For several years and in many different ways, medical errors have been studied. As expected, the majority of efforts have been directed to prevent clinical errors during the different phases of health care. Nevertheless, less attention has been given to what happens when a negative effect has already occurred. The present work describes the doubts and difficulties that doctors deal with when facing an error and to describe the communicational tools that the literature offers to cope with them. The definition of medical error was the starting point that was used to later analyze the evidence about what, why and how to inform medical errors from an ethical and technical point of view. In the light of new legal exigencies, communicational and health protocols are revised, distinguishing those that are used for conveying bad news and medical errors. The importance of the ethical and communicational formation of the professionals is emphasized, identifying certain hindering aspects of the medical culture. This culture promotes an idea of the doctor as a professional who knows everything, does not make mistakes and acts in isolation. These do not reflect personal attributes in the professional and in the health team, required for a good professional practice.

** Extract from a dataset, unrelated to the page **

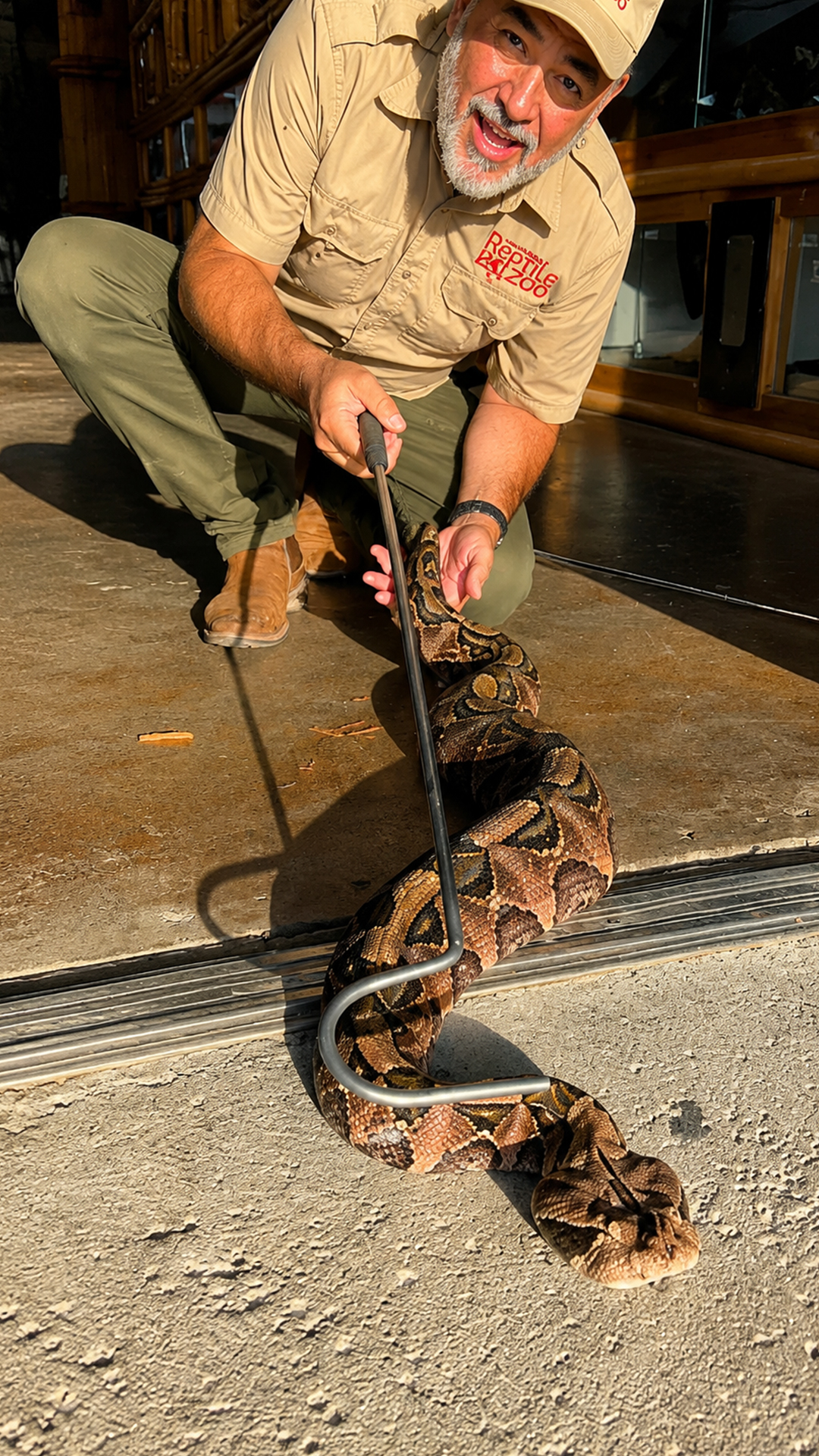 Longest snake fangs in the world belong to this terrifying viper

多年来,人们通过多种方式对医疗差错进行了研究。不出所料,大部分工作都致力于在医疗保健的不同阶段预防临床差错。然而,对于负面效应已经发生时所发生的情况却较少关注。本研究描述了医生在面对差错时所面临的疑问和困难,并介绍了文献中提供的应对这些问题的沟通工具。医疗差错的定义是出发点,随后用于从伦理和技术角度分析关于告知医疗差错的内容、原因及方式的证据。鉴于新的法律要求,对沟通和健康协议进行了修订,区分了用于传达坏消息和医疗差错的协议。强调了专业人员伦理和沟通培训的重要性,识别了医疗文化中的某些阻碍因素。这种文化塑造了一种医生形象,即认为医生是无所不知、不会犯错且独自行动的专业人员。这些观念并未反映出专业人员和医疗团队中对于良好专业实践所必需的个人特质。